Und dann Rain Man. Episch! Schon der Vorspann hat mich total in seinen Bann gezogen. Sportwagen, die zu afrikanischen Klängen von Belle Star scheinbar vom Himmel fliegen! Bis heute beschert mir die Szene Gänsehaut. Solche Gänsehautmomente hat Rain Man erstaunlich viele für mich. Evtl. liegt das zumindest teilweise an dem wehmütigen Soundtrack von Hans Zimmer und den sorgfätig ausgewählten Songs von Jazz bis Pop.

Ähnlich wie Kramer vs. Kramer handelt der Film von einem Thema, das zu jener Zeit noch außerhalb der Normen und der Akzeptanz in der Gesellschaft lag. Ein Autist, der auf Reisen geht. Unfreiwillig zwar, aber er geht, um sich einem breiten Publikum vorzustellen, das zuvor nur vage oder gar nicht von Autismus und Aspergerspektrum gehört hat, sofern man nicht betroffen war. Rain Man hat - denke ich - die Türen geöffnet zu mehr Interesse an Randgruppen. Heute findet man Hochsensibilität und Aspergerspektren normal, vielleicht sogar cool. Ende der Achtziger war die Coolness neu, die der Film tatsächlich bewirkt hat. Plötzlich schämten sich Kinder ihrer autistischen Familienangehörigen nicht mehr und konnten sich wie Charlie Babbitt fühlen, der im Lauf der Geschichte immer mehr von seinem ursprünglichen Plan abrückt, seinen Bruder gegen Lösegeld / das väterliche Erbe zu kidnappen und nach erfolgreicher Aktion wieder in die Anstalt für geistig Behinderte zu überführen. Er erkennt, dass er gerne einen Bruder gehabt hätte, mit dem aufzuwachsen ihm nicht vergönnt war, weil Raymond durch seinen Autismus gefährlich war für Baby Charlie. 
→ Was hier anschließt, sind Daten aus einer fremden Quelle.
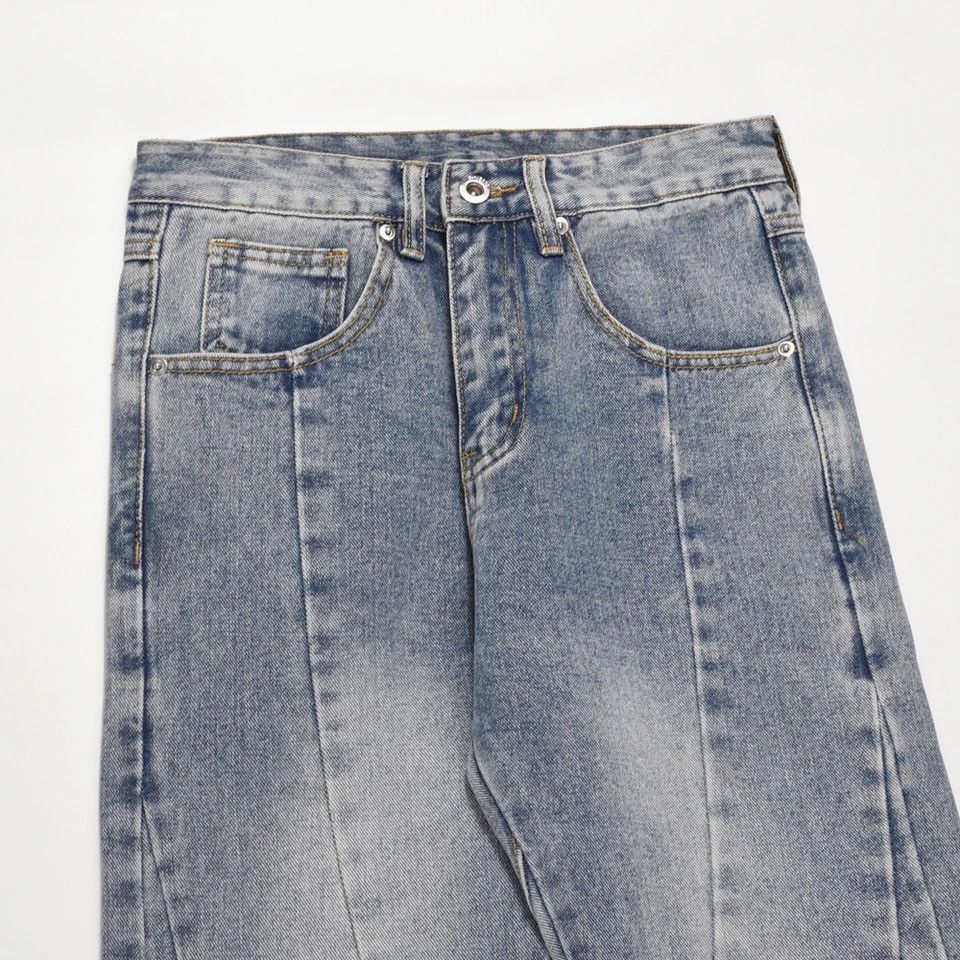 Japanese Brand × Vintage Skinny Jeans Men Streetwear Autumn Blue Slim Trousers Y2k Size US 33 - 5 Thumbnail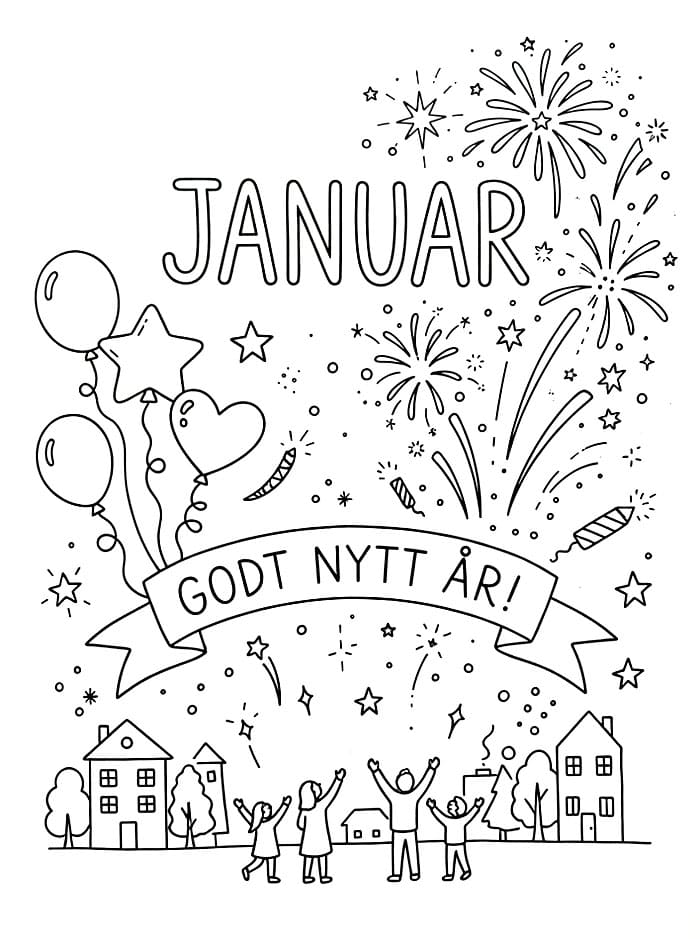 Bilde av januar med fyrverkeri fargelegging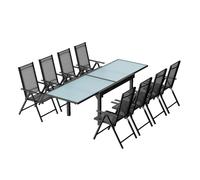 CONCEPT USINE Ensemble Mobilier d'Extérieur/Jardin Aluminium : Table Extensible Rallonge coulissante + 8 Chaises Pliables et Inclinables - Gris - Design Brescia - Robuste Résiste à l'eau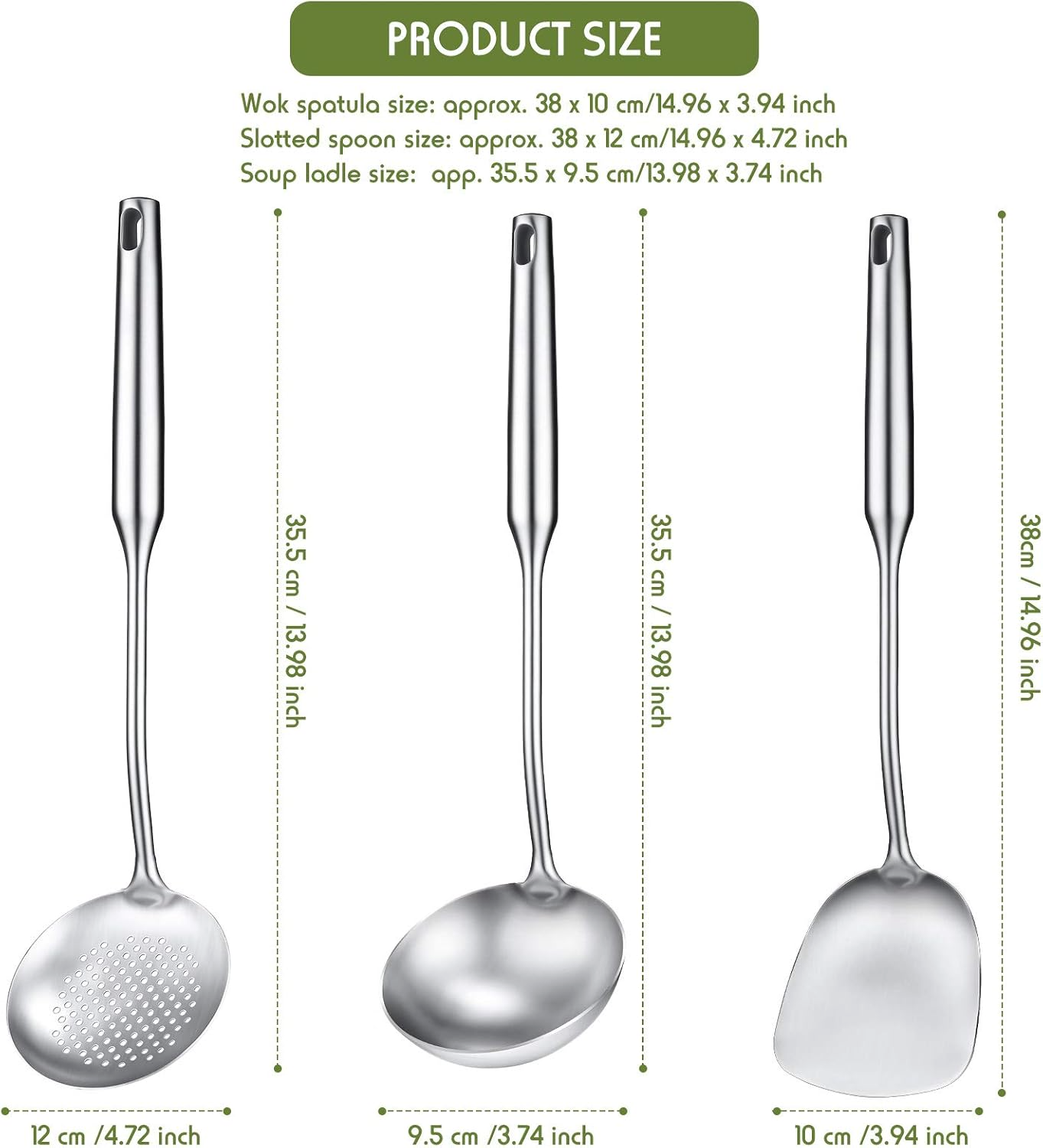 Wok Spatula, Ladle and Large S - Offset Spatula Set บทวิจารณ์และราคา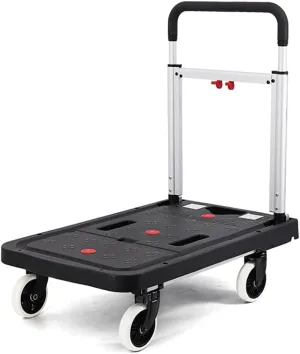 HBJWOV Folding Flatbed Cart, Four-Wheeled Pull Cargo, Portable Trolley Truck with 330 Lbs Weight Capacity(D)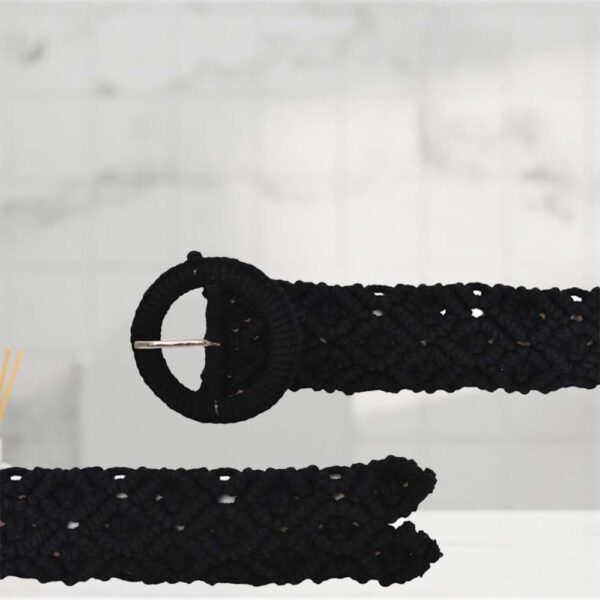 “Charcoal Charisma” Cotton Macramé Black Belt - Image 4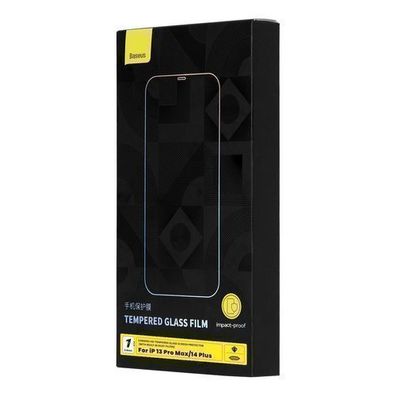 Baseus Schutzglas fuer iPhone 14 Plus / 13 Pro Max, 0,4mm mit Lautsprecherschutz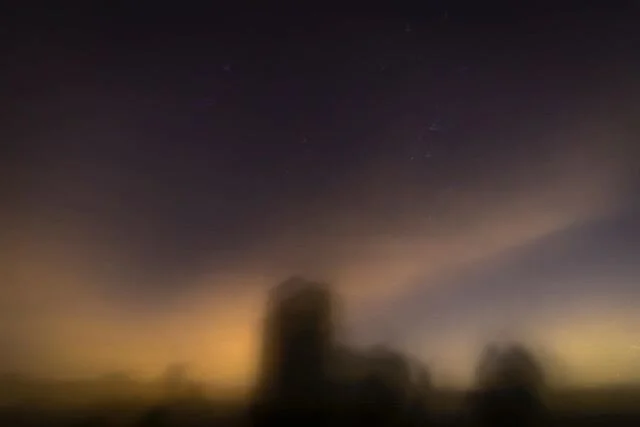 &bull;Knowlton&bull; "This image showcased experimentation with ICM under night conditions. Located at Knowlton Dorset, much to my delight, stars faintly glowed under the darkness of night. Strong yellow hues stained the sky from nearby light po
Ich liebe die Story bis heute, die leicht in Kitsch hätte abdriften können, es aber nie tut. Das ist vor allem Tom Cruise zu verdanken, der hier in seiner besten Rolle glänzt. Ich hätte ihm ja einen Oscar verliehen. Den hat aber Dustin Hoffman ergattert, und ich glaube, es war der zweite nach Kramer vs. Kramer.


 

Auch verdient, ohne Zweifel. Trotzdem hätte Tom Cruise nicht leer ausgehen dürfen. Zumindest ein Mini-Oscar wäre angebracht gewesen, so wie zehn Jahre zuvor der kleine Justin mit einem solchen ausgezeichnet wurde. 😏 

Jedenfalls haben beide Filme erstaunlich viel gemeinsam und sind dennoch sehr unterschiedlich. Ich kann sie immer wieder angucken, und immer wieder sind die Geschichten um einen alleinerziehenden Vater und einen Autist auf Abwegen ein Erlebnis.